_About this exercise_
Your task is to repeat exactly the lines below between the line holding "#Winner3rdMiniAlbumFansign" and the line holding "#WINNERCROSSTOUR https://t.co/fBwK9GbUH9", inclusive, and only those.
** Data under study follows **
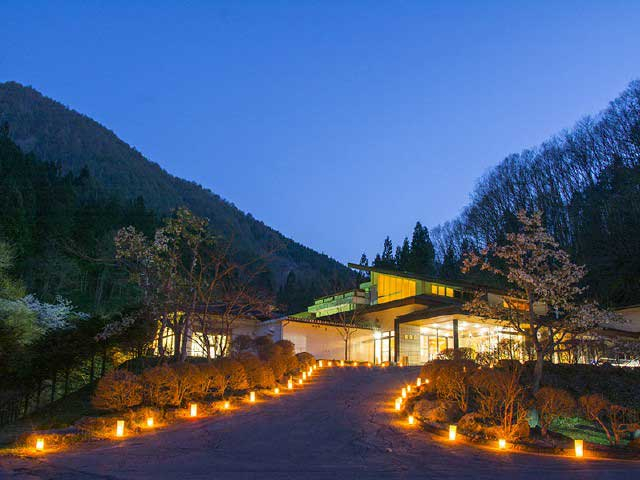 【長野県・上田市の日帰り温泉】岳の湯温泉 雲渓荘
** End of Data under study **
** Data under study follows **
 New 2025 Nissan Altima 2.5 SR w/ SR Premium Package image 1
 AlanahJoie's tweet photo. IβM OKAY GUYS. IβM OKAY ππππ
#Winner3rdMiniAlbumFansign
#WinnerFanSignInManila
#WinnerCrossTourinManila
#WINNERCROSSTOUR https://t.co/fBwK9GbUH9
** End of Data under study **
_Exercise solution_
#Winner3rdMiniAlbumFansign
#WinnerFanSignInManila
#WinnerCrossTourinManila
#WINNERCROSSTOUR https://t.co/fBwK9GbUH9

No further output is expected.